▸ **Supplied information**:
************

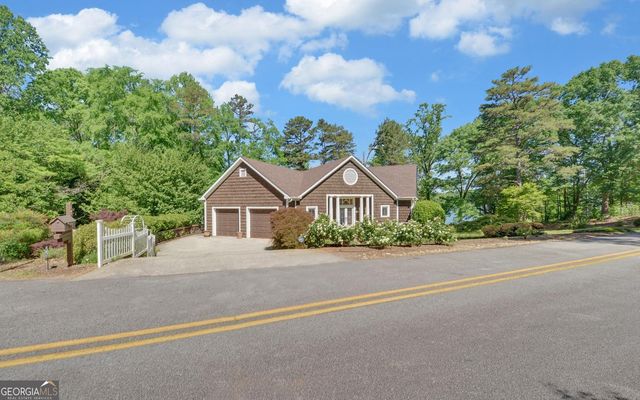 1700 Harbor Light Marina Road, Lavonia, GA 30553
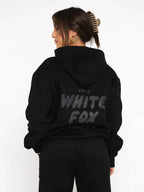 Josephine | Conjunto Feminino Confortável com Design 'White Fox'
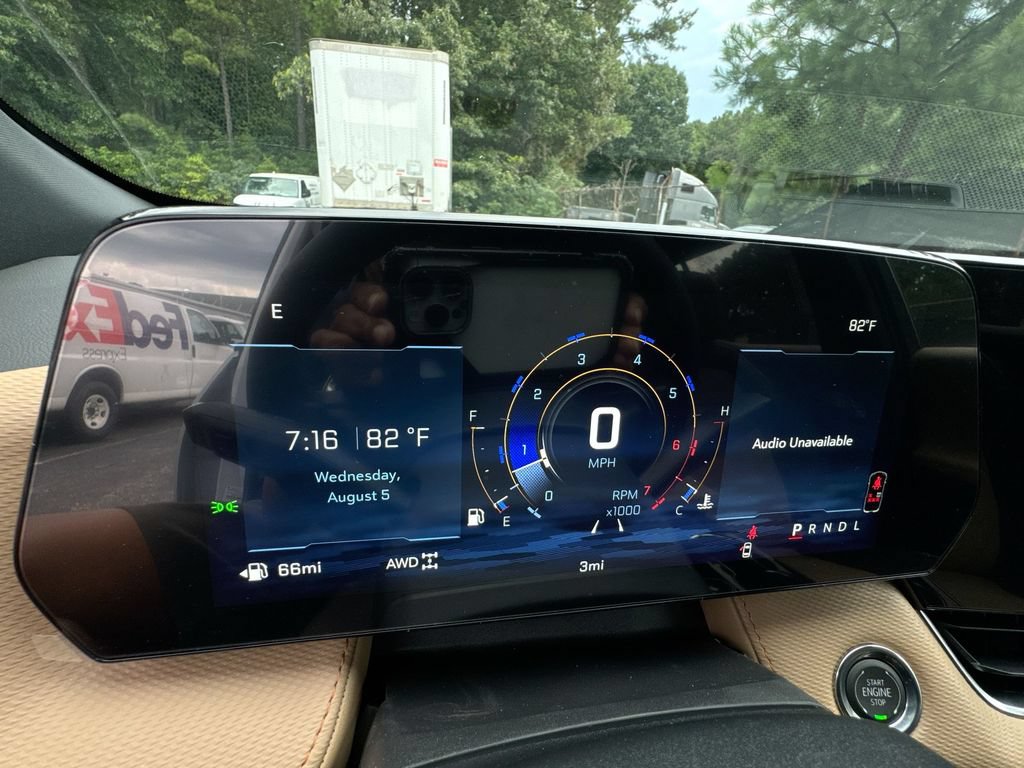 2027 Chevrolet Equinox ACTIV - Photo 21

************

▸ **Task instructions**: Set the material down exactly, images excluded.

▸ **Exercise answer**:
 1700 Harbor Light Marina Road, Lavonia, GA 30553
 Josephine | Conjunto Feminino Confortável com Design 'White Fox'
 2027 Chevrolet Equinox ACTIV - Photo 21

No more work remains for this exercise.